Hyper-threading (officially called Hyper-Threading Technology or HT Technology and abbreviated as HTT or HT) is Intel's proprietary simultaneous multithreading (SMT) implementation used to improve parallelization of computations (doing multiple tasks at once) performed on x86 microprocessors. It was introduced on Xeon server processors in February 2002 and on Pentium 4 desktop processors in November 2002. [ citation needed ]Since then, Intel has included this technology in Itanium, Atom, and Core 'i' Series CPUs, among others.
For each processor core that is physically present, the operating system addresses two virtual (logical) cores and shares the workload between them when possible. The main function of hyper-threading is to increase the number of independent instructions in the pipeline; it takes advantage of superscalar architecture, in which multiple instructions operate on separate data in parallel. With HTT, one physical core appears as two processors to the operating system, allowing concurrent scheduling of two processes per core. In addition, two or more processes can use the same resources: If resources for one process are not available, then another process can continue if its resources are available.

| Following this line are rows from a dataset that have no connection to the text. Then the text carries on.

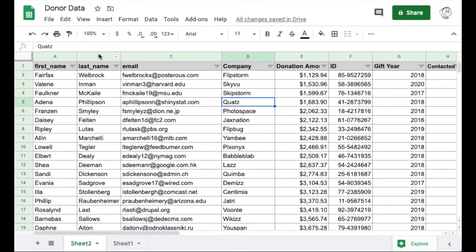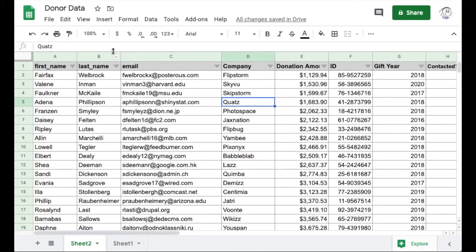Let's say we have this donor spreadsheet. The formatting here is fine, but nothing special. We can certainly do better.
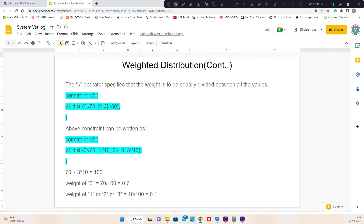For value 0 the weightage remains 70, but for values 1 to 3, the 30 is divided by 3 — because there are 3 values in the range — giving each a weightage of 10. Adding 70 plus 10 plus 10 plus 10 again adds to 100, so the probability of value 0 is 0.7 and values 1, 2, or 3 is 0.1.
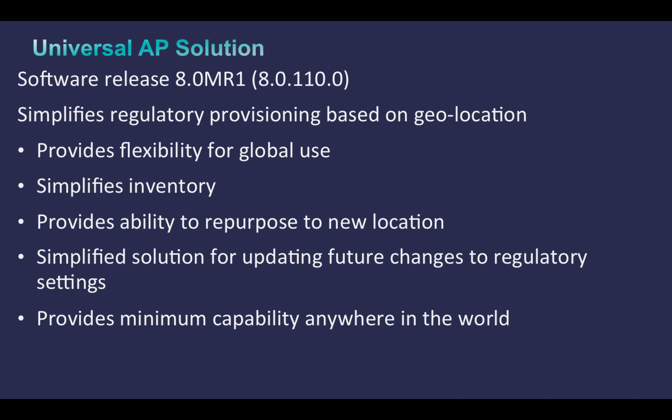It brings all regulatory domains into a single UX AP, provides the ability to repurpose to new locations, and offers a simplified solution for updating future changes to regulatory settings. It also provides minimum capability anywhere in the world.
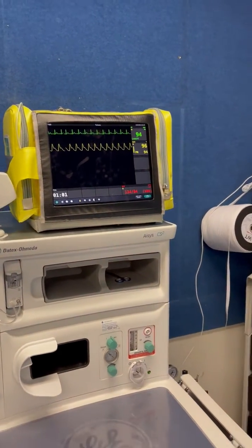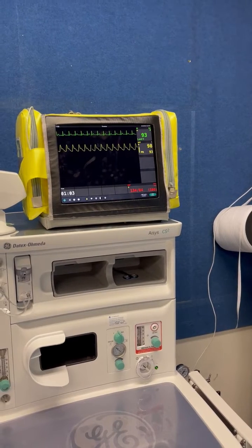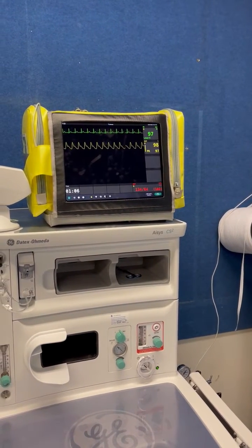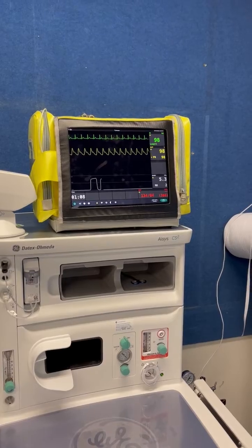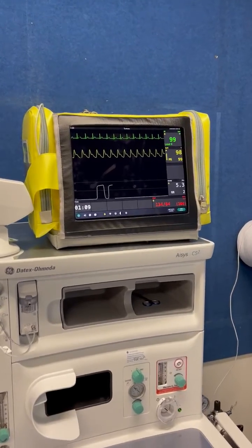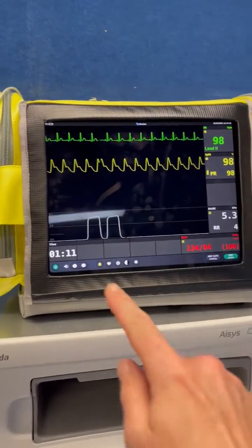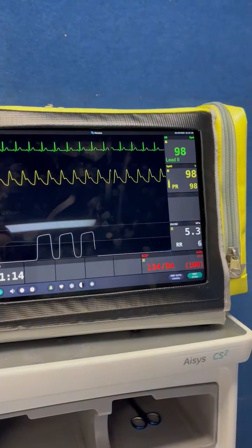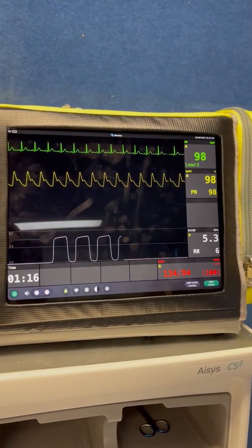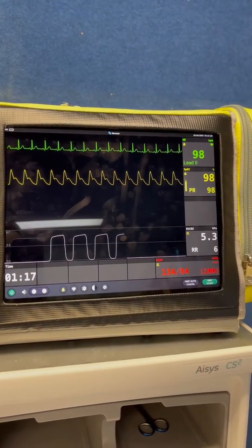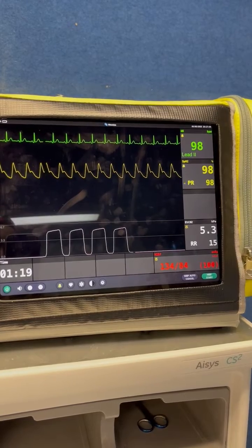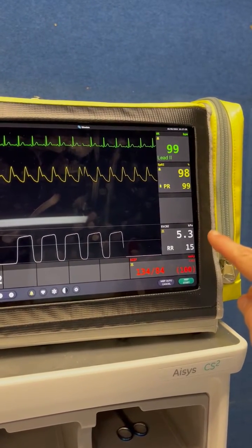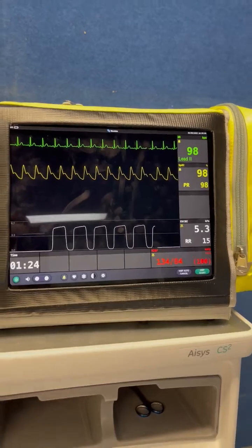When you start to pre-oxygenate your patient, if you have an appropriate head tilt and chin lift, you will see this bottom waveform appear. This is the capnography. The respiratory rate is just building up because it's warming up, but it will tell you the respiratory rate and the patient's expired carbon dioxide level.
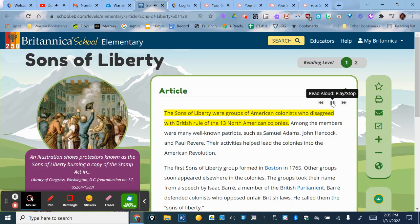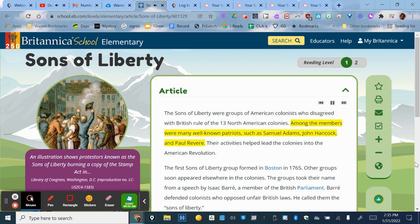The Sons of Liberty were groups of American colonists who disagreed with British rule of the 13 North American colonies. Among the members were many well-known patriots, such as Samuel Adams, John Hancock, and Paul Revere. Their activities helped lead the colonies into the American Revolution.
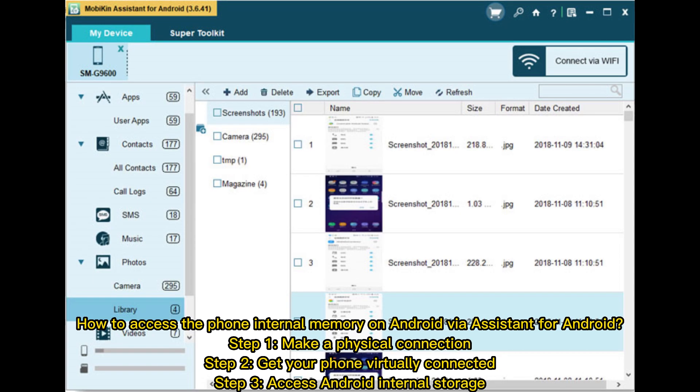How to access the phone internal memory on Android via Assistant for Android: Step 1, make a physical connection. Step 2, your phone virtually connected. Step 3, access Android internal storage.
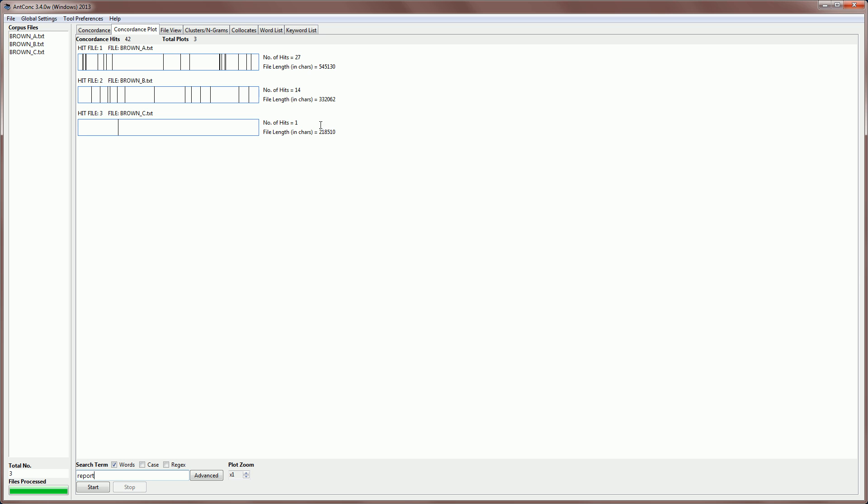We can also see the number of hits in each file. So 27 in the first file, 14 in the second file, and one in the third. And this gives you an idea of the dispersion of the search word across the files and in the files.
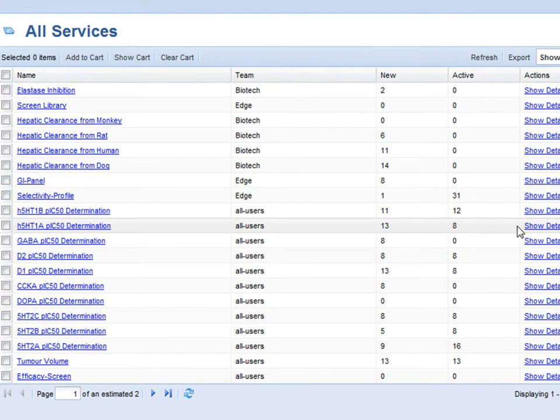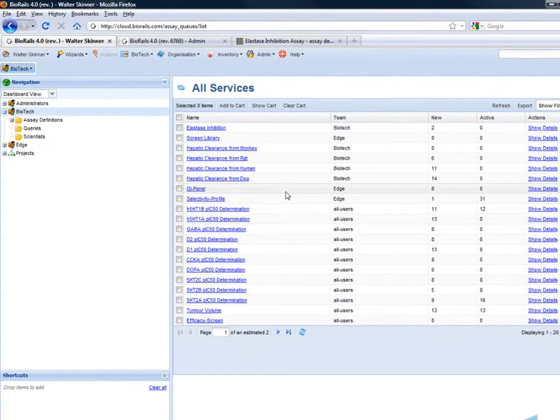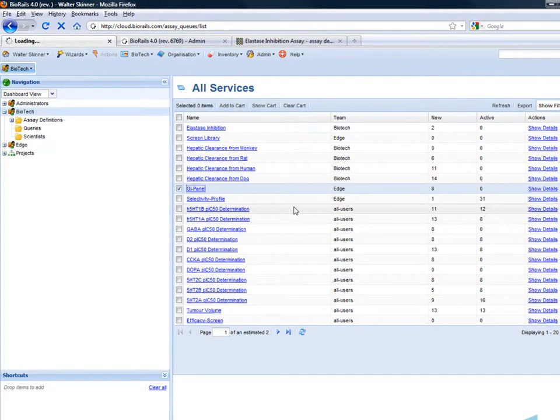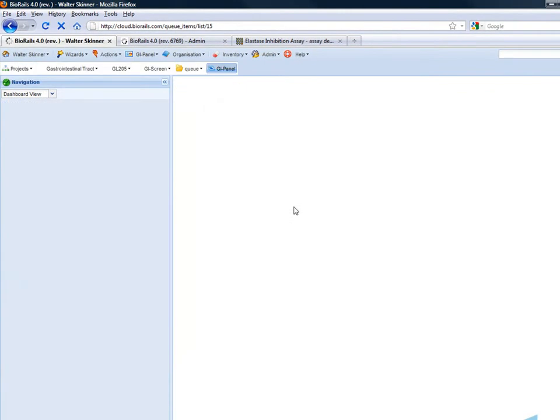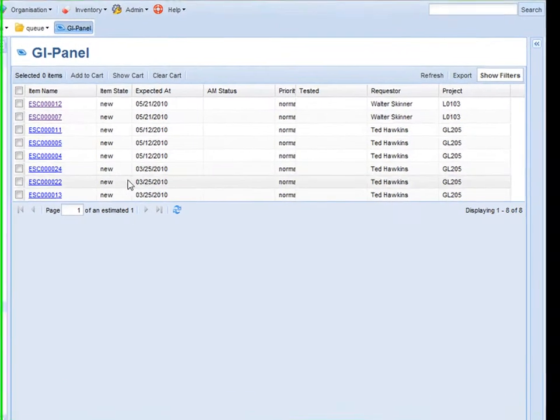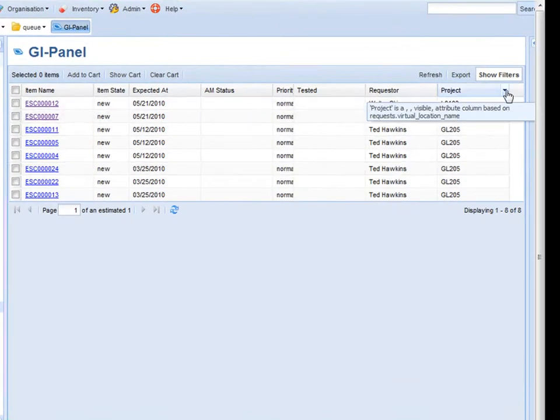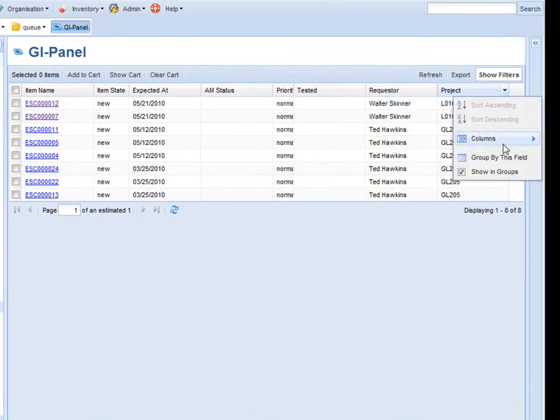In this case I am going to go and have a look at the GI panel service queue. This provides me with a list of all the incoming compounds. I can also group by project.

In addition to requiring simultaneous multithreading support in the operating system, hyper-threading can be properly utilized only with an operating system specifically optimized for it.
Hyper-Threading Technology is a form of simultaneous multithreading technology introduced by Intel, while the concept behind the technology has been patented by Sun Microsystems. Architecturally, a processor with Hyper-Threading Technology consists of two logical processors per core, each of which has its own processor architectural state. Each logical processor can be individually halted, interrupted or directed to execute a specified thread, independently from the other logical processor sharing the same physical core.
Unlike a traditional dual-processor configuration that uses two separate physical processors, the logical processors in a hyper-threaded core share the execution resources. These resources include the execution engine, caches, and system bus interface; the sharing of resources allows two logical processors to work with each other more efficiently, and allows a logical processor to borrow resources from a stalled logical core (assuming both logical cores are associated with the same physical core). A processor stalls when it is waiting for data it has sent for so it can finish processing the present thread. The degree of benefit seen when using a hyper-threaded or multi core processor depends on the needs of the software, and how well it and the operating system are written to manage the processor efficiently.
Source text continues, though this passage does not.